(Saved entries)
[Start of section]
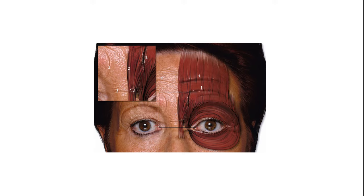As with any other mimetic wrinkle, line, or furrow, the forehead transverse furrows are perpendicularly oriented to the underlying muscular fibers. The next is the frown lines. The frown lines can be divided into vertical and horizontal. The vertical frown lines occupy the glabella, usually one for each side, and are perpendicular to the orientation of the fibers of the corrugator muscle. The horizontal frown lines are typically a single line occupying the radix of the nose, perpendicular to the fibers of the procerus muscle.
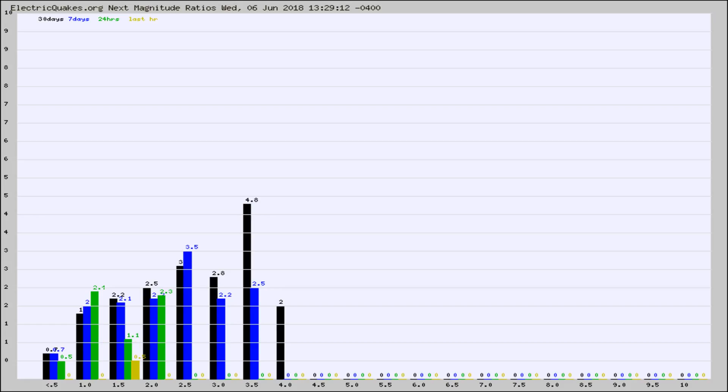Again, the black column is 30 days, blue is 7, green is 24 hours, and gold is in the last hour.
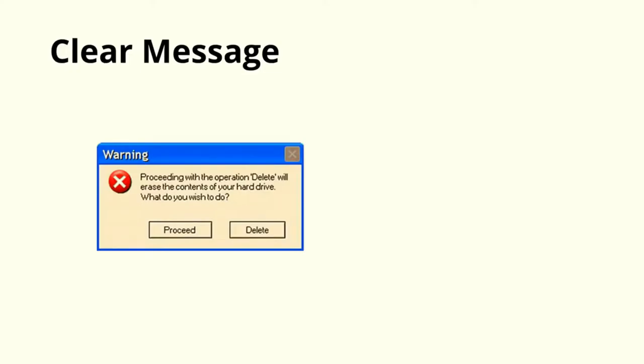The second point should be a clear message. Seeing your website, the user should know what message you want to give. Like when you go to a website, you got a warning message, you tried to delete a file and this kind of message came. Now this message is saying proceed if you want to delete the file. Below they have given the option of two buttons, one proceed and one delete.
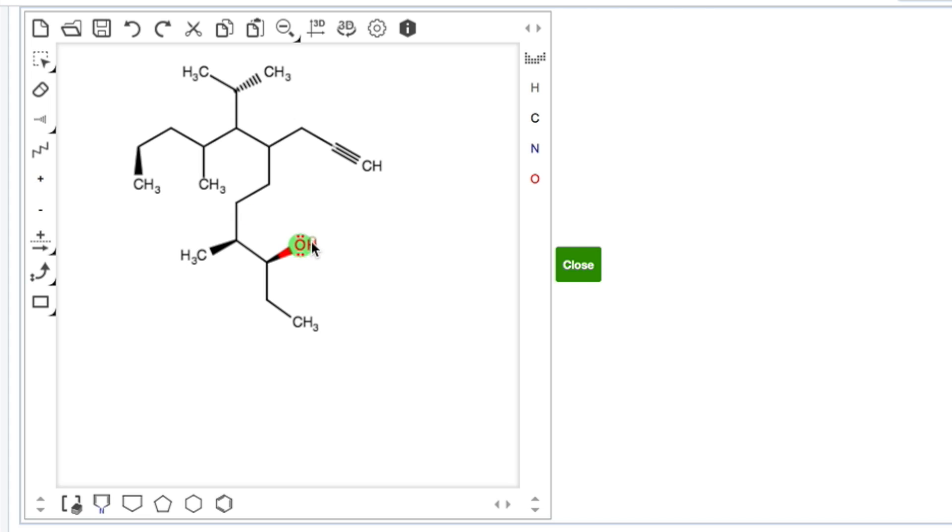If you need to change the charge, the lone pairs are automatically set, but if you need to change the charge, you can add the plus or the minus to change the charge.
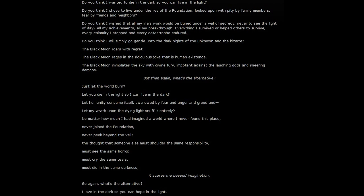Just let the world burn? Let you die in the light so I can live in the dark? Let humanity consume itself, swallowed by fear and anger and greed? Or just let my wrath upon the dying light snuff it out entirely?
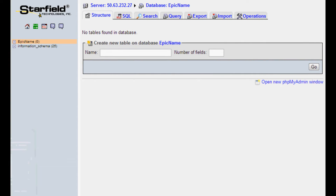Hello and welcome to the 27th PHP tutorial. In this tutorial we're going to be discussing working with a database.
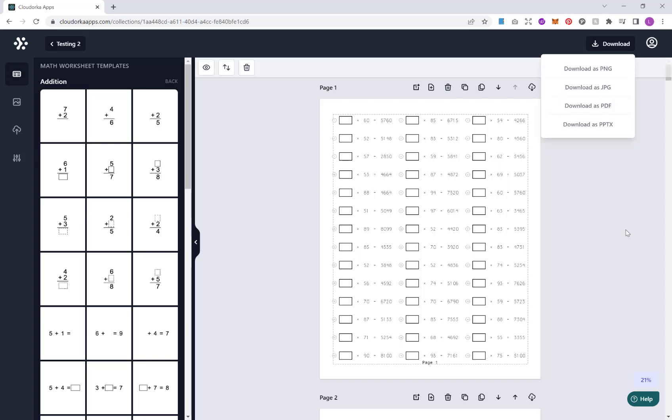I hope this quick overview of the Math Worksheet Generator helps you. Thank you for watching.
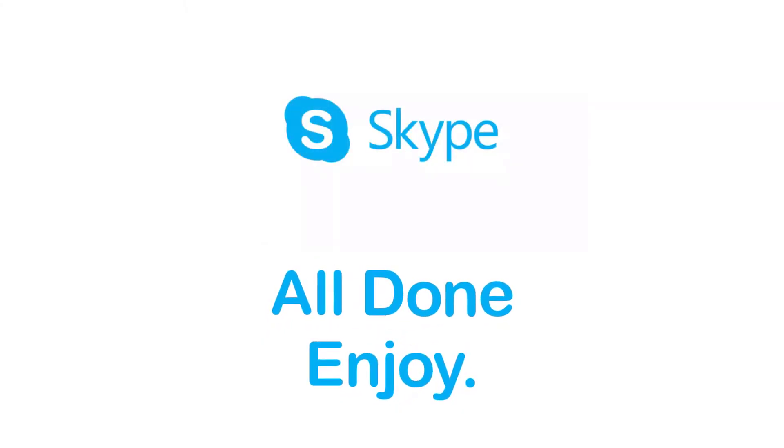So that will be it for today's video. Hope this video was helpful for you. If it was, hit the like button, subscribe to the channel, and I'll see you in the next video. Goodbye.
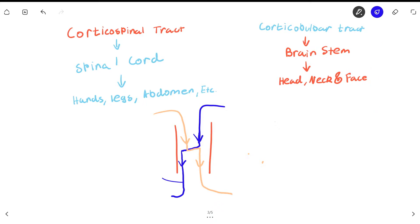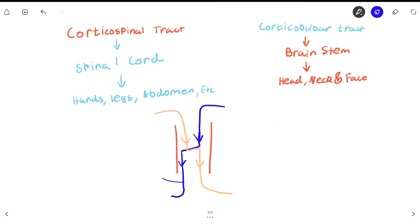Your motor cortex is not always perfectly accurate in its decisions — your cerebellum is what makes your actions refined and smooth. If you want to learn more about how your cerebellum modifies the decisions of the motor cortex, check out my video about the cerebellum, linked in the description below.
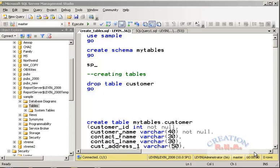In this video I am going to talk about creating tables. I have already created a video module for creating a table using SQL Server Management Studio. In this video I am going to talk about creating a table by using SQL.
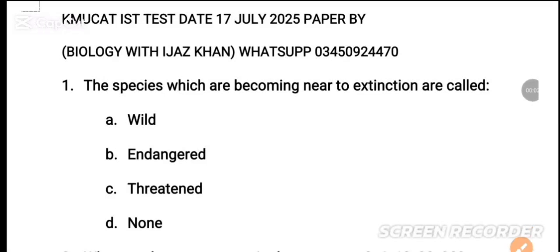Assalamu alaikum, welcome back to my YouTube channel. This is Alooji Vidijas Khan. The date is 17 July 2025. Paper discussion by Alooji Vidijas Khan, WhatsApp number 0325-0247. Please subscribe to this channel and click the bell icon to get new updates.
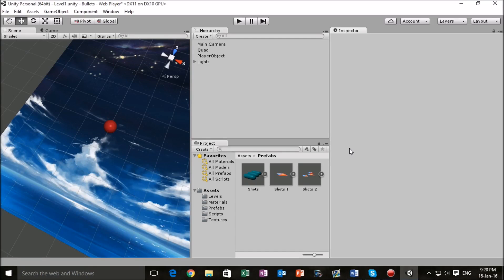Hello everyone, we are back with another Unity tutorial. In this part we're going to be looking at emitting shots from our player object.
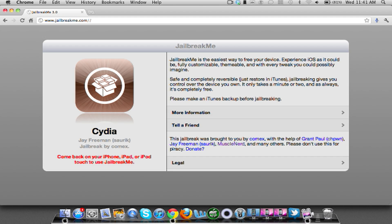Now, this jailbreak is compatible with the iPad 1, 4.3 through 4.3.3, iPad 2, 4.3.3, iPhone 3GS, 4.3 through 4.3.3, iPhone 4, 4.3 through 4.3.3, iPhone 4CDMA, which is the Verizon model, 4.2.6 through 4.2.8, iPod Touch 3G, which is 4.3, 4.3.2, 4.3.3, iPod Touch 4G, 4.3 through 4.3.3.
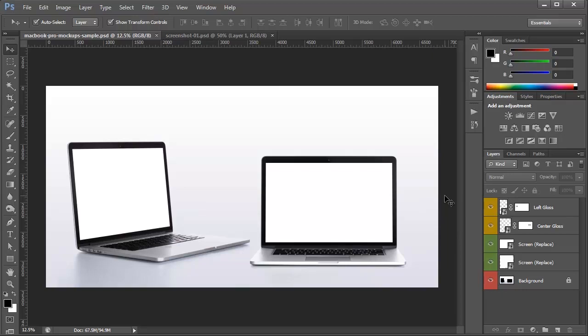Hey guys, in this video I wanted to show you two different ways that you can put your own images into these MacBook Pro mockups. All of these images use smart objects, which makes inserting your own graphics really easy.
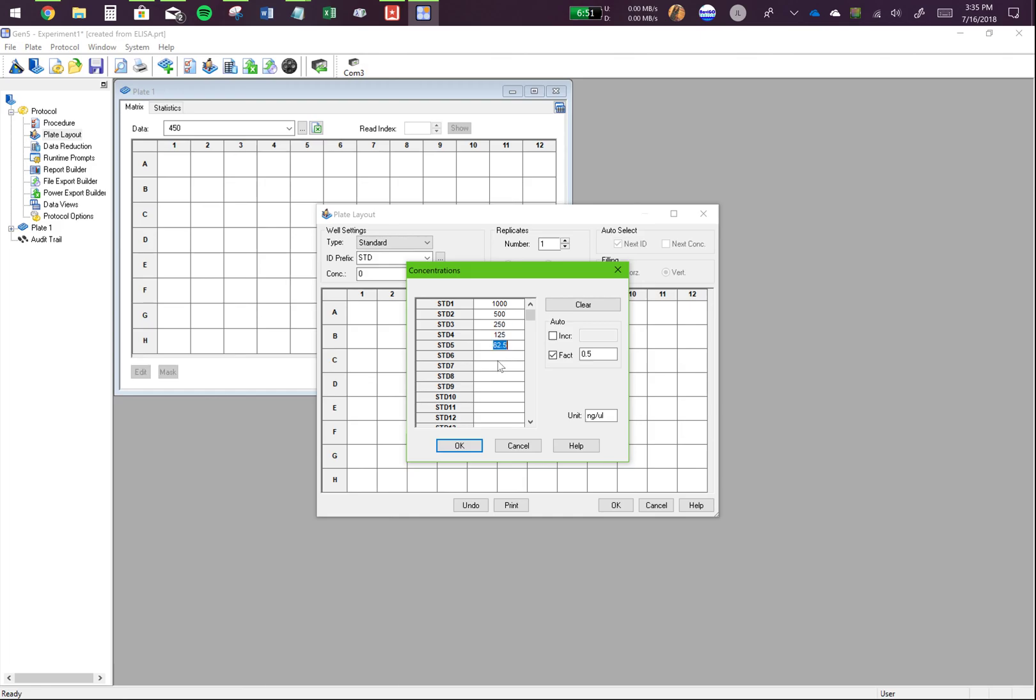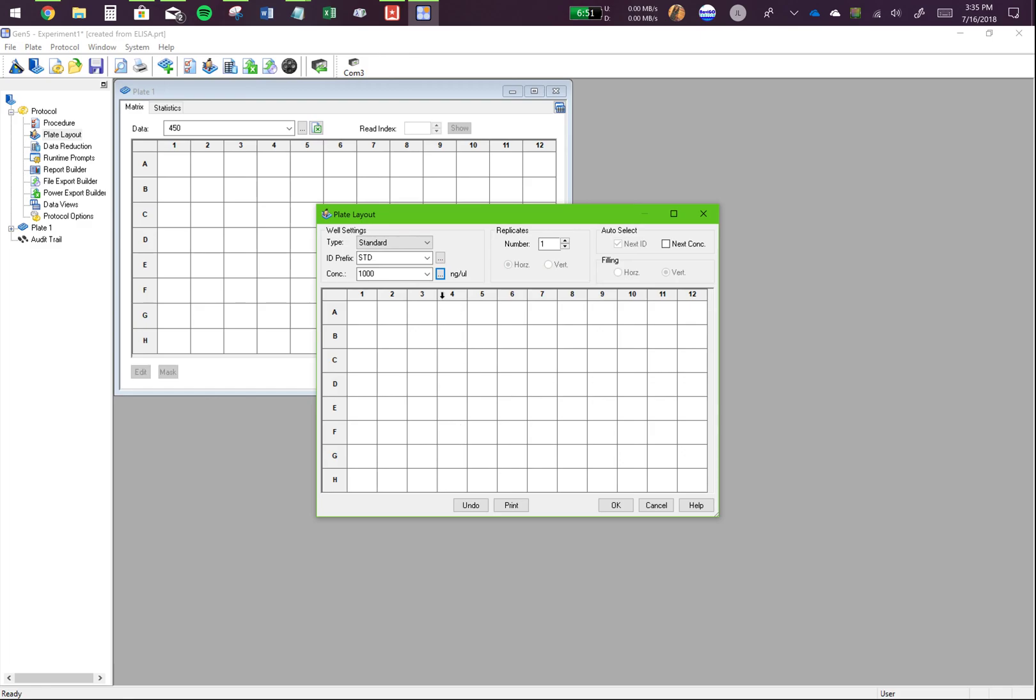I'll do it till 7 standard. But it will totally depend on your experiment. If you've made 12 standards, please go ahead and add the values to 12 standards. Click OK.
[End of section]
DIRECTIONS: Although the records above contain pictures, the copy should not; retype exactly the lines from the one containing "Hello and welcome" through the one containing "Hello everyone, we".

RESPONSE TO THIS EXERCISE:
Hello and welcome to the 27th PHP tutorial. In this tutorial we're going to be discussing working with a database.
I hope this quick overview of the Math Worksheet Generator helps you. Thank you for watching.
So that will be it for today's video. Hope this video was helpful for you. If it was, hit the like button, subscribe to the channel, and I'll see you in the next video. Goodbye.
Your motor cortex is not always perfectly accurate in its decisions — your cerebellum is what makes your actions refined and smooth. If you want to learn more about how your cerebellum modifies the decisions of the motor cortex, check out my video about the cerebellum, linked in the description below.
In this video I am going to talk about creating tables. I have already created a video module for creating a table using SQL Server Management Studio. In this video I am going to talk about creating a table by using SQL.
Assalamu alaikum, welcome back to my YouTube channel. This is Alooji Vidijas Khan. The date is 17 July 2025. Paper discussion by Alooji Vidijas Khan, WhatsApp number 0325-0247. Please subscribe to this channel and click the bell icon to get new updates.
Hello everyone, we are back with another Unity tutorial. In this part we're going to be looking at emitting shots from our player object.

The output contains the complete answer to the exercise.